I liked the King Arthur Flour formula that we made in class, but Jeffrey Hamelman offers a much more detailed version of this formula in his Bread book. I cleaned my granite countertop throughly and started playing with bread dough.
What I like about this formula is that once you complete your fermentation (and I did try to fold by hand and not by mixer despite the wetness of the dough) at room temperature, you can divide the dough into weighed pieces and stick them in the fridge until you are ready to shape, proof and bake them (up to 18 hours). So I made the dough the day before, weighed out 4 loaves and stuck them into the fridge.
My poor fridge looked like a science experiment between the containers with bread dough, starter, homemade coconut milk kefir, and homemade evaporated milk (other projects/other blogs). But early the next morning, I woke up and started shaping loaves.
What I very quickly learned about shaping 1lb baguette loaves to be baked in a home oven is that you can't shape them exactly the same way you would a baguette for a commercial oven. You would have to 1/2 the weight to get them so thin. Well, that meant I could handle them less in the shaping process, which made it easier to get a consistent shape. I had only one messy loaf, and that was a result of transfer, not shaping.
So next time I have two options - make 8 1/2 lb loaves - or keep making 4 thicker 1lb loaves.

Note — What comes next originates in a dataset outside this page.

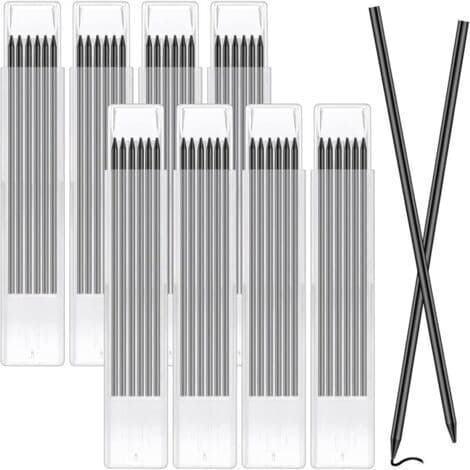48-pack 2,8 mm blyertspennor – Vattenresistent grafit – För exakt märkning på trä och metall – 48 delar[DB] Multicolor Multicolor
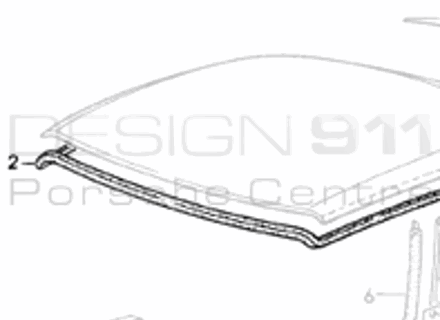 Cabriolet-Verdeckdachdichtung quer. Porsche 993 Cabriolet-Verdeckdachdichtung quer. Porsche 993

Truth is, I kind of liked them a little thicker and felt that you could do more with them, but I may experiment and see either way.
I baked all four loaves at the same time in a 525F degree oven. I baked the first two on a baking tray on top of a steel in the middle rack and the second two on a pre-heated tray on the top rack. That worked out because all four loaves baked evenly.
The other major difference in these loaves and what we did in the KAF class is the flour. For these, I used a stone milled heritage wheat called Bolted Red Fife from Sunrise Flour Mill. This wheat is something special. It's an heirloom wheat variety that is not mass produced. This kind of heritage flour is know to be easily digestible and friendly to people with gluten sensitivities.
This is what they say about it on their website, " Modern wheat is very different from the wheat our ancestors ate. The developments in grain have made it difficult for some people to digest, but that doesn't necessarily mean they need to change to a gluten-free diet. If you've experienced negative health effects as the result of gluten intolerance, but miss your morning toast or favorite dessert, Sunrise Flour Mill's Heritage Flour products may be the answer. These superior flours aren't just for those who experience problems with gluten. Many people use Heritage Wheat because it truly tastes like wheat and results in delicious pastries, breads, pasta and pizza."
I bought this wheat because it was more nutrient dense and healthier. I also bought it because it was stone milled and organic. Let me tell you - I will keep buying it for the taste! It tastes fantastic! When I cut into my sample loaf (the one that didn't shape properly), and tried it - I couldn't stop at one taste. I had three pieces right away because it was THAT good! It's not the same sparkling white as many of the other commercially available flours. In fact, it has a reddish brown color to it when baked that is easily mistakable for whole wheat - but don't let the color fool you, this is a light, airy flour that makes a fantastic baguette!